There are three main types of pathology:

• the mild type is isolated. This type of serious treatment does not require;
• the middle type is characterized by enlargement of the ventricles, their size reaches 15 millimeters. The disease occurs with slight changes in the outflow of cerebrospinal fluid;
• the severe type is characterized by a significant increase in the ventricles of the newborn’s brain in combination with other brain pathologies;

Diagnostics

Diagnosis of ventriculomegaly is carried out at 17-33 weeks of pregnancy using ultrasound examination and spectral karyotyping of the fetus. The examination includes a complete study of the anatomical structures, especially the ventricular system of the brain.

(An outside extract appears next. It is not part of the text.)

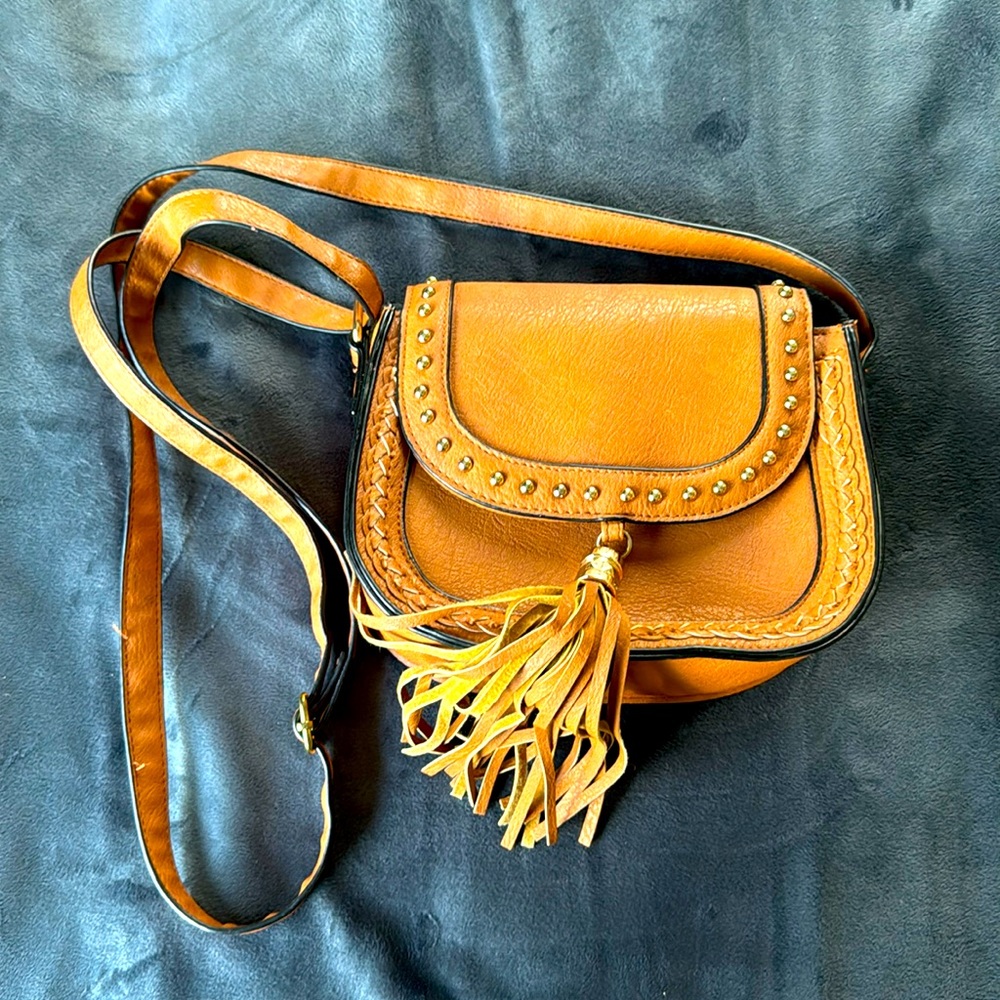 Brown cross body purse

A more accurate diagnosis is made on the basis of scanning the fetal head with the obligatory determination of the threshold value of the lateral ventricles of the brain. The disease occurs if the size of the ventricles is more than 10 millimeters.

Treatment

Treatment of ventriculomegaly is aimed at preventing the consequences that can cause this pathology. The most dangerous occurrence serious illnesses brain, central nervous system.

Drug treatment involves taking diuretics, antihypoxants, and vitamins. The doctor also prescribes massage, physiotherapy, which focuses on static loads of the pelvic floor and pelvic muscles.

Reception medicines, whose action is aimed at preventing the development of neurological disorders, is necessary for retaining potassium in the body.

If a disease is detected in a newborn, it is very difficult to predict how it will develop. In most cases, if the defect is isolated, the outcome of treatment will be normal. When the disease is combined in the fetus with chromosomal abnormalities, there is a high probability of developing severe neurological disorders.